Source records:
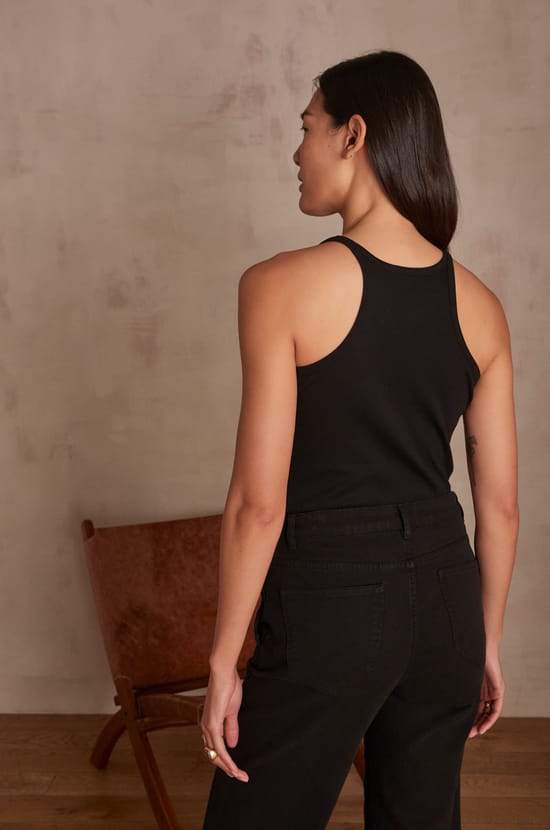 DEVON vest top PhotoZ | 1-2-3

--

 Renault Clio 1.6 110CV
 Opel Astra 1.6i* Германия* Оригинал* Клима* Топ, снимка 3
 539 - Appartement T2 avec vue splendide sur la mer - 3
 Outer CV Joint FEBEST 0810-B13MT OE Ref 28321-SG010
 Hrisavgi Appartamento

To do:
Would you please copy exactly the part of the entries above that begins at the line containing "Renault Clio 1.6 110CV" and ends at the line containing "Hrisavgi Appartamento", both lines included?

The answer:
 Renault Clio 1.6 110CV
 Opel Astra 1.6i* Германия* Оригинал* Клима* Топ, снимка 3
 539 - Appartement T2 avec vue splendide sur la mer - 3
 Outer CV Joint FEBEST 0810-B13MT OE Ref 28321-SG010
 Hrisavgi Appartamento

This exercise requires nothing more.